# Gotta love cabinet guys



## plumber tim (Jul 4, 2013)

The cabinet guy broke the bow vent piping in the ceiling when he set his cabinet.


----------



## love2surf927 (Dec 22, 2011)

plumber tim said:


> The cabinet guy broke the bow vent piping in the ceiling when he set his cabinet.


What's bow vent? How did they break it?


----------



## plumber tim (Jul 4, 2013)

love2surf927 said:


> What's bow vent? How did they break it?


Some areas of the country they call it a loop vent. He dropped the cabinet on the 1 1/2" riser.


----------



## MTDUNN (Oct 9, 2011)

Foam core!!


----------



## plumber tim (Jul 4, 2013)

MTDUNN said:


> Foam core!!


Yes sir.


----------



## love2surf927 (Dec 22, 2011)

plumber tim said:


> Some areas of the country they call it a loop vent. He dropped the cabinet on the 1 1/2" riser.

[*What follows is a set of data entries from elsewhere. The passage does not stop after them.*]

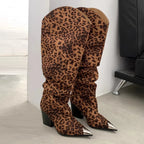Women's Metal-Toe Western Boots in Leopard Print & Brown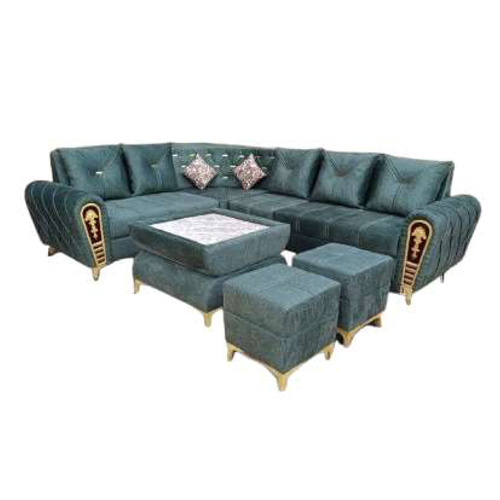Velvet 8.5 Seater Corner L Shape Sofa Set - High-Quality Wood, Polished Finish | Luxurious Seating, Multiple Color Options, Modern Indian Design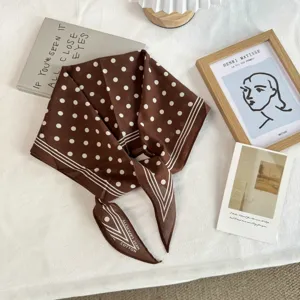 French vintage brown polka dot print diamond silk scarf for women spring summer chic.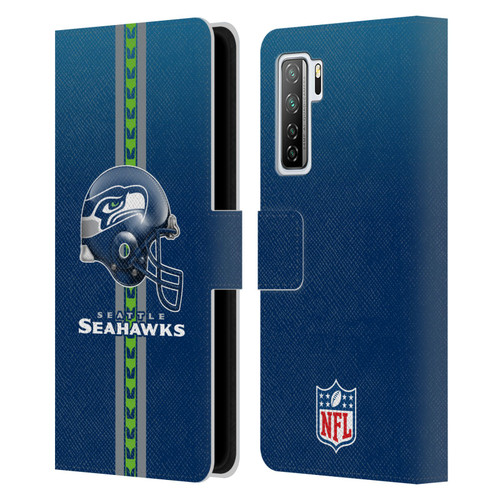 NFL Seattle Seahawks Logo Helmet Leather Book Wallet Case Cover For Huawei Nova 7 SE/P40 Lite 5G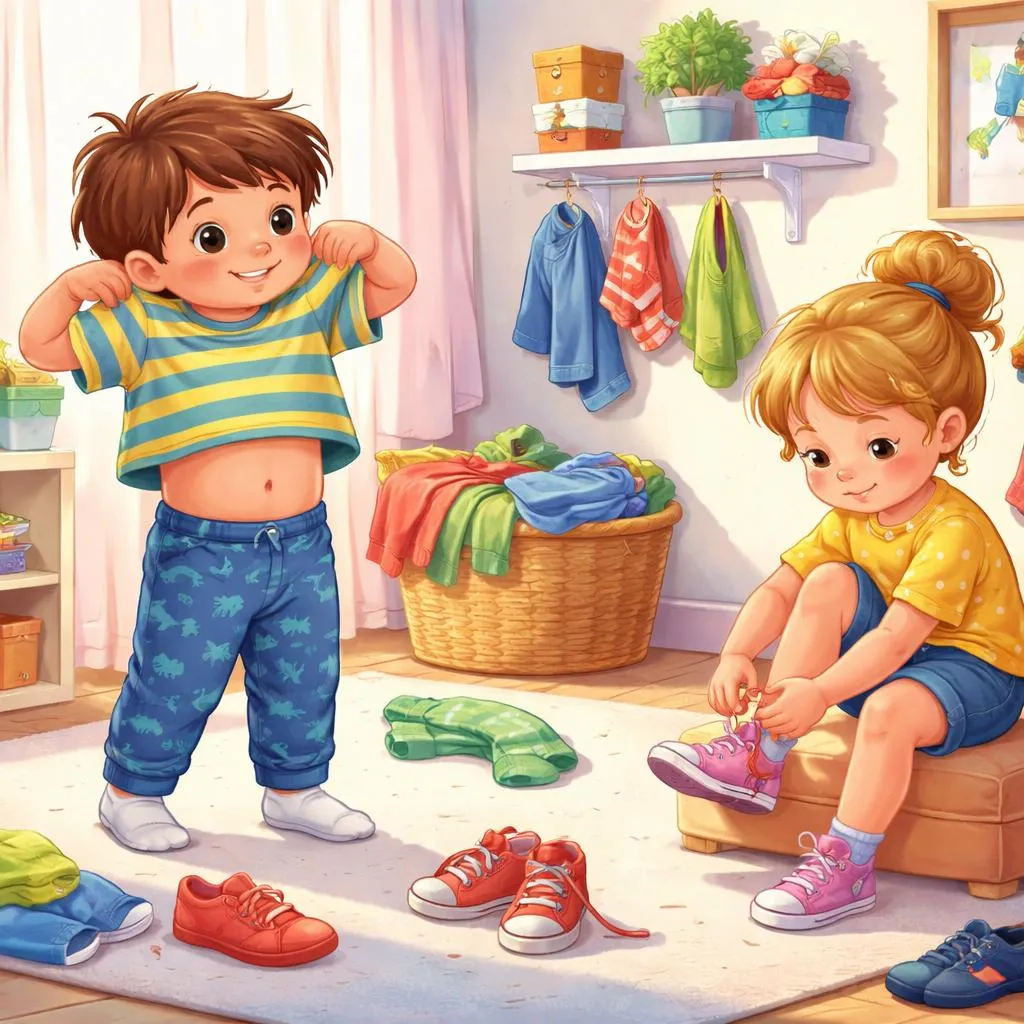孩子應該什麼時候自己「穿好衣服」,或小心翼翼地「一件一件穿上衣服」?
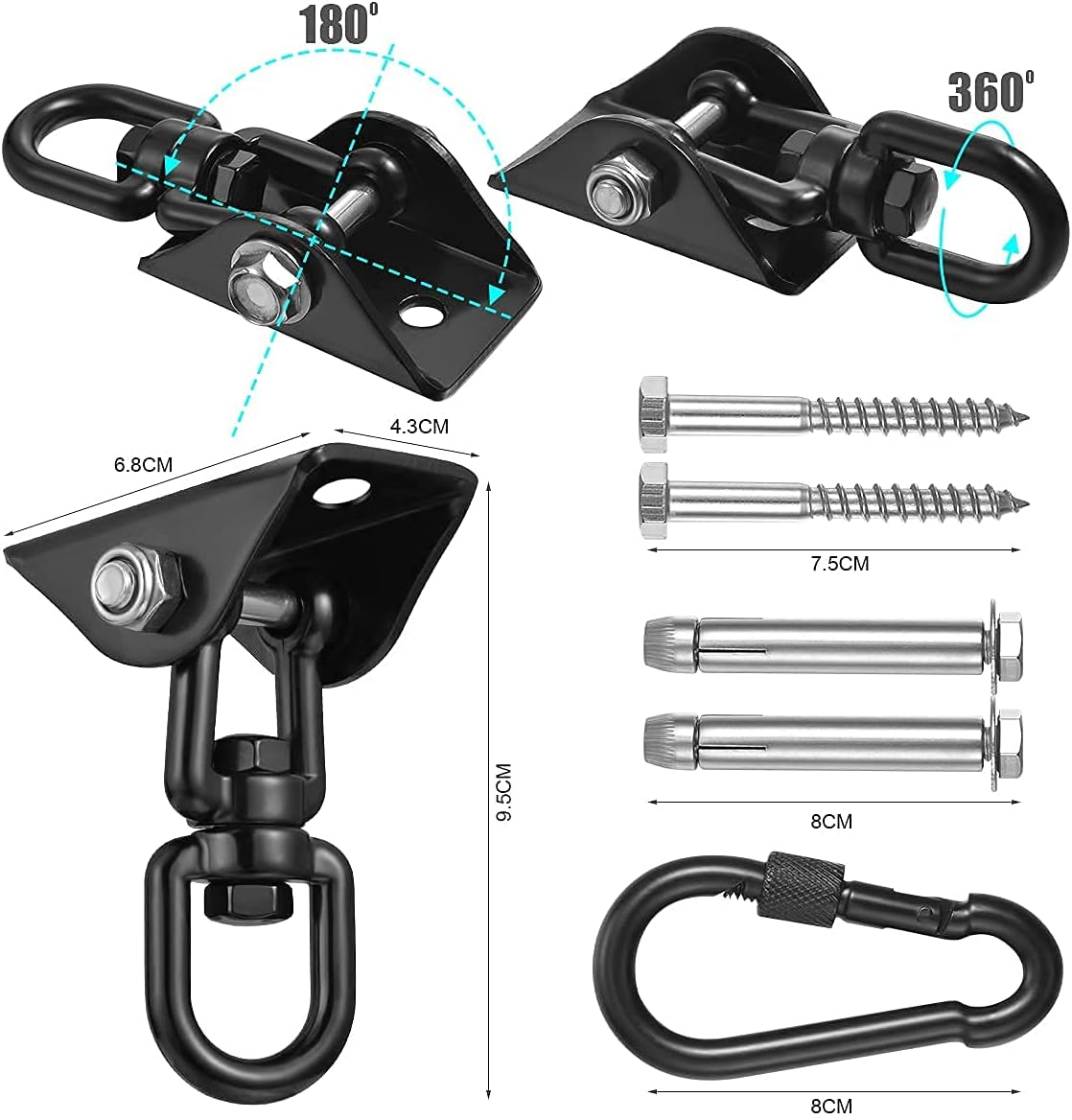 Hammock Hanging Kit,360&deg;Rotating 1200 Lb Capacity Heavy Duty,Hanger & Swing Hook Snap for Concrete Wood,Hammock,Veranda Seat,Chair,Swing Sets,Yoga and Gym（Without Chain ） - Black+Chain image number 3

Yep loop vent here makes sense now!


----------



## CaberTosser (Mar 7, 2013)

You all must be referring to an island vent!


----------



## love2surf927 (Dec 22, 2011)

CaberTosser said:


> You all must be referring to an island vent!


Yep


----------



## rjbphd (Feb 5, 2010)

plumber tim said:


> The cabinet guy broke the bow vent piping in the ceiling when he set his cabinet.


 Shud use AAV and ...


----------



## plumber tim (Jul 4, 2013)

rjbphd said:


> Shud use AAV and ...


Not allowed here in Mass.


----------



## Cajunhiker (Dec 14, 2009)

Leave it. It will vent perfectly now.


----------



## Bigwrenchjosh (Aug 22, 2011)

This brings up a good question. What does every one do in a situation like this? Back charge? Back charge hard?


----------



## TX MECH PLUMBER (May 27, 2011)

Not hard. Fair. Or maybe not at all. And point out he owes u one. That way the day you break a cabinet or scratch a top he won't charge u!!! Atleast around here that's how we do it. Smaller town and u always we bump into them again. Screw them now they will screw u worse later


----------



## TerryO (Oct 12, 2012)

Bigwrenchjosh said:


> This brings up a good question. What does every one do in a situation like this? Back charge? Back charge hard?


Naw, remember what goes around comes around.


----------



## justme (Jul 4, 2012)

how much money and labor is that couple of 90's and couplings going to cost you next time you scratch a counter top .


----------



## Plumbus (Aug 4, 2008)

Looked at a job the other day where the cabinet guy asked me how I wanted to handle a cabinet replacement. I said I'd cut the water and waste lines a couple inches about the top of the toe kick for him if he'd just be careful with the stubs. Now, if he breaks something, he knows I may back charge. Unless they really mangle things I probably won't (even if they break a line or two).


----------



## matkg (Mar 3, 2013)

When we have to do an island vent if there's no knee wall available we leave both stubs about 6 inches above the floor and let them set the cabinet over it then we finish it


----------



## plumber tim (Jul 4, 2013)

matkg said:


> When we have to do an island vent if there's no knee wall available we leave both stubs about 6 inches above the floor and let them set the cabinet over it then we finish it


That is the same way that we do and the way it was done when the cabinet guy broke the drain.


----------



## Phaedrus (Apr 23, 2013)

TX MECH PLUMBER said:


> Not hard. Fair. Or maybe not at all. And point out he owes u one. That way the day you break a cabinet or scratch a top he won't charge u!!! Atleast around here that's how we do it. Smaller town and u always we bump into them again. Screw them now they will screw u worse later


That's stupid. You'll loose money if you don't charge them. I'd hit them hard


----------



## mightypipe (Dec 22, 2012)

Phaedrus said:


> That's stupid. You'll loose money if you don't charge them. I'd hit them hard


Me too!


----------